US 12,148,097 B2
Methods and systems for 3D hand pose estimation from RGB images
Yannick Verdie, Toronto (CA); Zihao Yang, Richmond Hill (CA); Deepak Sridhar, San Diego, CA (US); Steven George McDonagh, London (GB); and Juwei Lu, North York (CA)
Assigned to HUAWEI TECHNOLOGIES CO., LTD., Shenzhen (CN)
Filed by Yannick Verdie, Toronto (CA); Zihao Yang, Richmond Hill (CA); Deepak Sridhar, San Diego, CA (US); Steven George McDonagh, London (GB); and Juwei Lu, North York (CA)

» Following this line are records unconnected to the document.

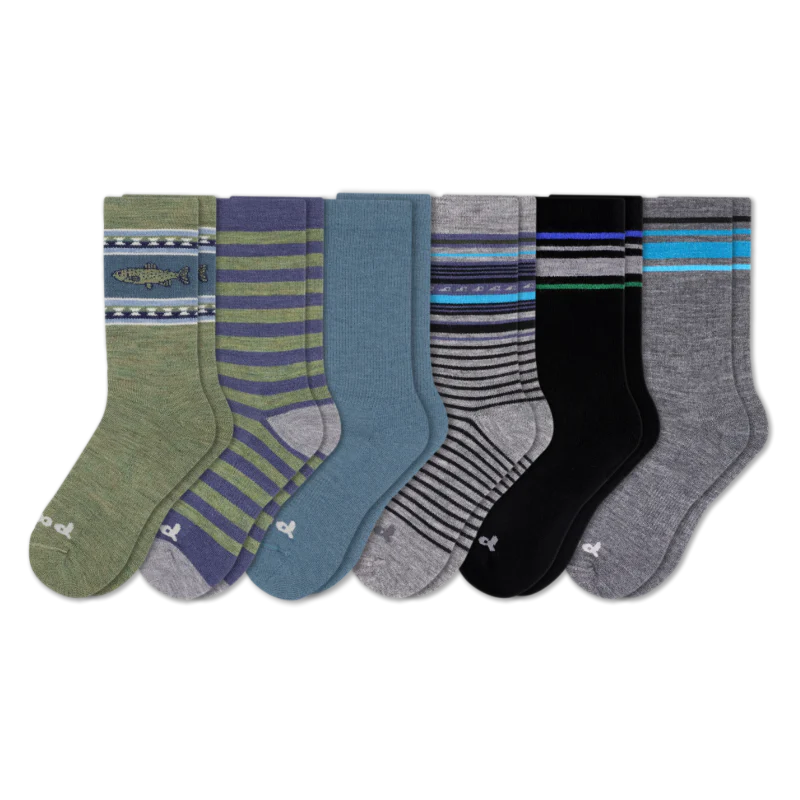 6 Pack - Men's Crew Pacas Socks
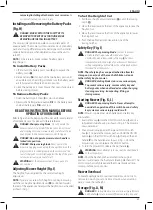 Preview for 41 page of DeWalt DCMW564 Original Instructions Manual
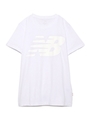 【New Balance】NBビッグロゴTシャツ/WHT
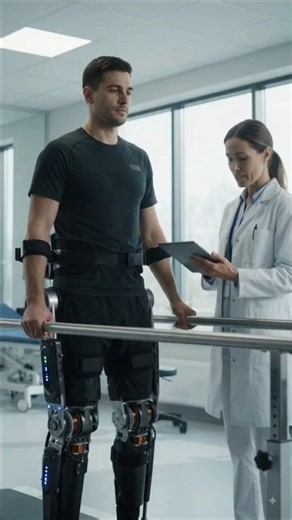 Robotic Exoskeleton Helping People Walk Again🦿 #robotics #futuretech #iss #nasa #roboticworld #ai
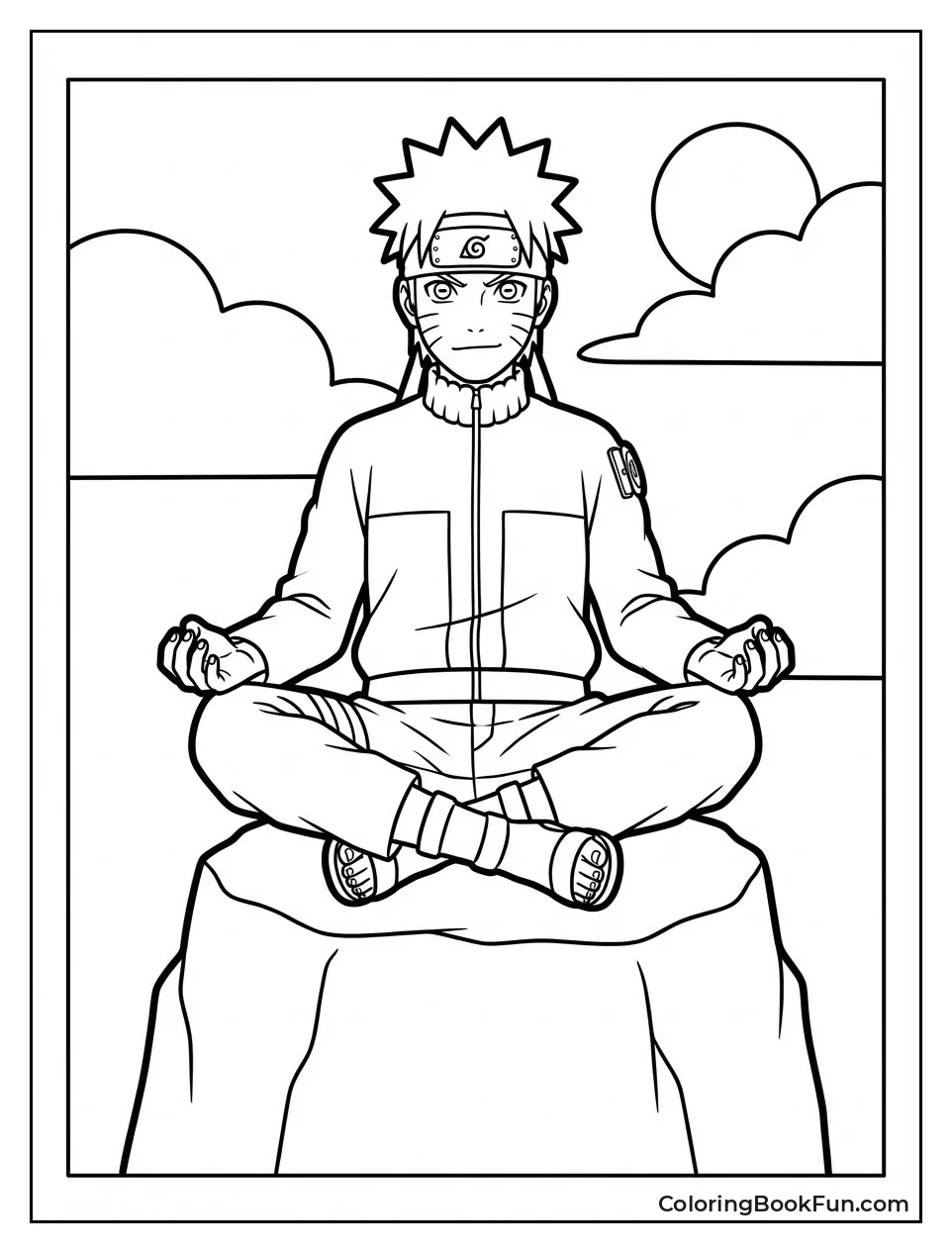 Naruto Meditates in Sage Mode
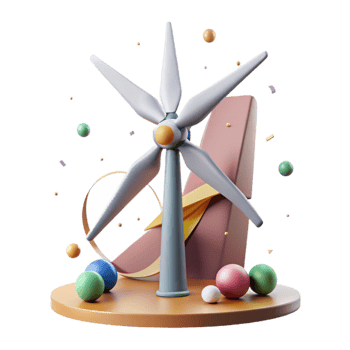 serene artistic Wind Turbine Array Offshore Wind Farm Transparent for Renewable Energy Development high quality png
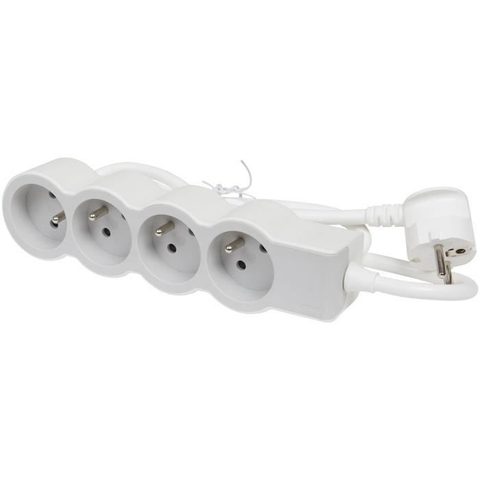 Legrand Multiprise 4 prises blanc et gris 1.5 m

Filed on Dec. 9, 2022, as Appl. No. 18/078,832.
Prior Publication US 2024/0193866 A1, Jun. 13, 2024
Int. Cl. G06T 17/00 (2006.01); G06F 3/01 (2006.01); G06T 17/20 (2006.01); G06V 40/20 (2022.01)
CPC G06T 17/20 (2013.01) [G06F 3/017 (2013.01); G06V 40/28 (2022.01)] 20 Claims
OG exemplary drawing
 
1. A computing system comprising:
a processing unit configured to execute instructions to cause the computing system to estimate a set of 3D keypoints representing a 3D hand pose by:
processing a 2D image containing a detected hand using a U-net network to obtain a global feature vector and a heatmap for each of the keypoints;
concatenating information from the global feature vector and the heatmap to obtain a set of input tokens;
processing the input tokens using a transformer encoder to obtain a first set of 2D keypoints representing estimated 2D locations of the keypoints in a first 2D view;
inputting the first set of 2D keypoints as a query to a transformer decoder, with cross-attention from the transformer encoder, to obtain a second set of 2D keypoints representing estimated 2D locations of the keypoints in a second 2D view; and
aggregating the first and second sets of 2D keypoints to output the set of estimated 3D keypoints.